When we were designing TerminusDB we were concerned with one very specific problem: collaboration.

As we were working on the Seshat global history database we needed a database that could enable researchers all over the world to collaborate on data collection on a large dataset with a very complex schema.

Git has created a very compelling model for collaboration in software using distributed revision control. This works essentially by storing objects which represent changes between versions. These change-objects can then be communicated, used to produce merges (which are also change-objects), and then decisions can be made to resolve potential conflicts (with another change object). The model has proved fantastically helpful in the development of software and is now almost completely dominant in software engineering practice.

Small is the new big

While we share many of the same problems in data that we have in code, there is a big difference: Data tends to be big.

Even large codebases find it hard to compete with relatively modest database tables. CSVs with millions of lines are not uncommon, though millions of lines of code are quite rare.
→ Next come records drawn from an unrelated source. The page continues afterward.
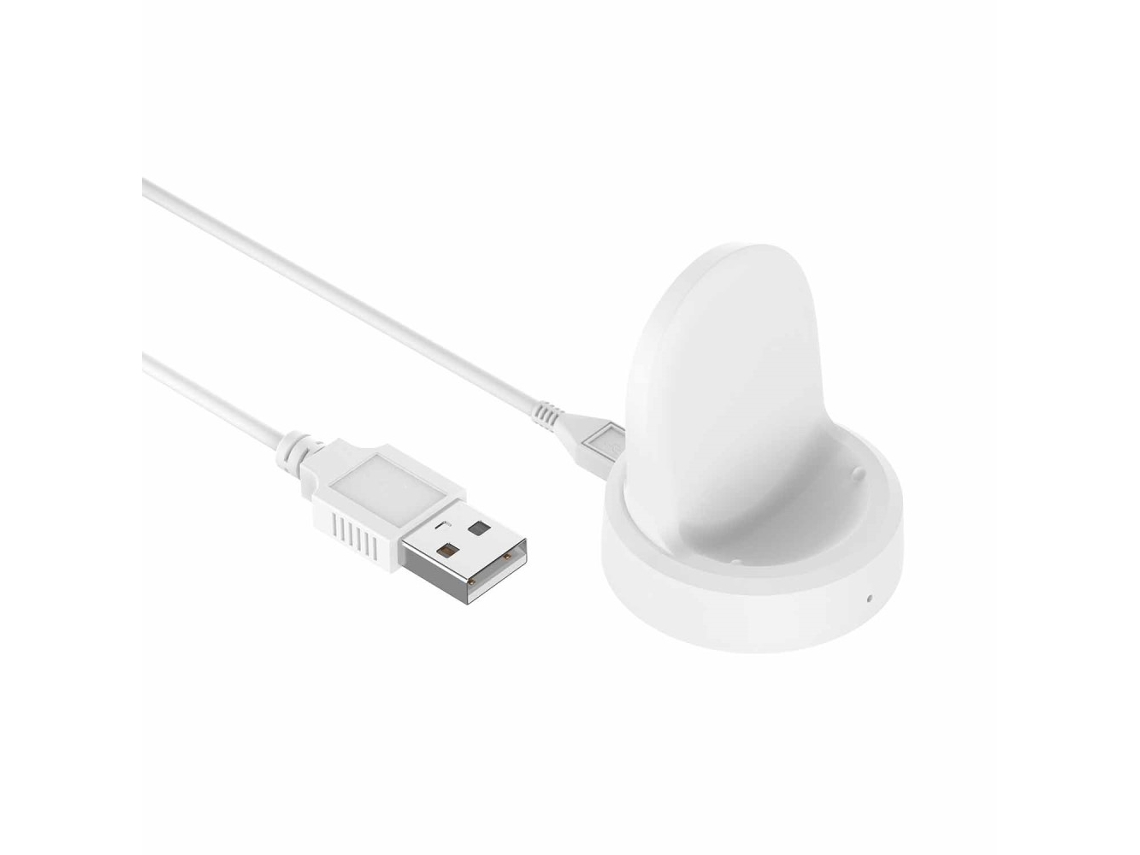 Cargador para Samsung Galaxy Watch 5 40mm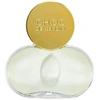 Image de Pierre Cardin Choc Eau de Parfum, 50ml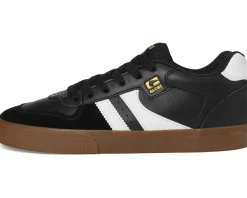 Globe Encore-2 Men's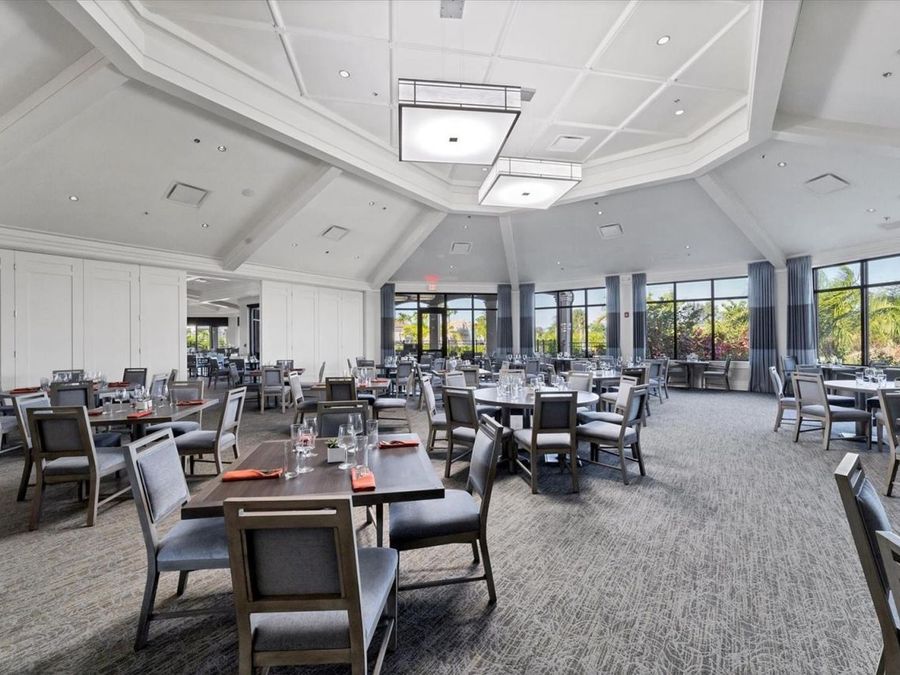 Property Image 59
Real attention has to be paid to how the change-objects are represented. However, we also have to worry about what we can fit into memory. If our data has to go back and forth to disk, we can be in real trouble with performance. This is particularly relevant for graphs, which tend to have complicated interconnections.

The implications of size on the usability of collaboration in data have driven many of the design decisions we have taken in TerminusDB.

Currently, our backend storage system (TerminusDB-Store) uses succinct data structures to represent our graphs. Succinct data structures are *self-indexing* data structures that approach the information-theoretic minimum size of representation.

Self-indexing structures represent the data in the index itself. This has the advantage that you don’t have to keep a separate index along with the data, helping to reduce size overhead.

Right now our identifiers are stored using a front-coded dictionary. This seems to work well for identifiers that are based on URIs which tend to share large prefixes and result in decent compression while retaining reasonable lookup performance.

In order to store our edge connections, we use adjacency lists and wavelet trees which help us to reconstruct a path through the graph rapidly in most typical querying patterns.

When we actually send layers around we compress them using gzip (which we found to give us a reasonable size/time trade-off in practice). And are thus able to get the sizes even more manageable.

Getting Smaller all the time

We’ve gone a long way in making our data terse so it can easily be shared and enable a whole new horizon of possibilities in data sharing and data integration. The healthy data ecosystem of the future that we hope to help bring about will absolutely require that we can move changes around effectively.

However, we are nowhere near done hitting rock bottom in terms of size. The current layout for datatypes is much less efficient than it could be and we already have a detailed plan in our roadmap for reducing this further while also getting a sizeable performance increase for typical queries.

We are excited about the features we plan to roll out in our roadmap, but for the end-user, the ones that they will probably notice most in facilitating collaboration will be the ones that shrink the data.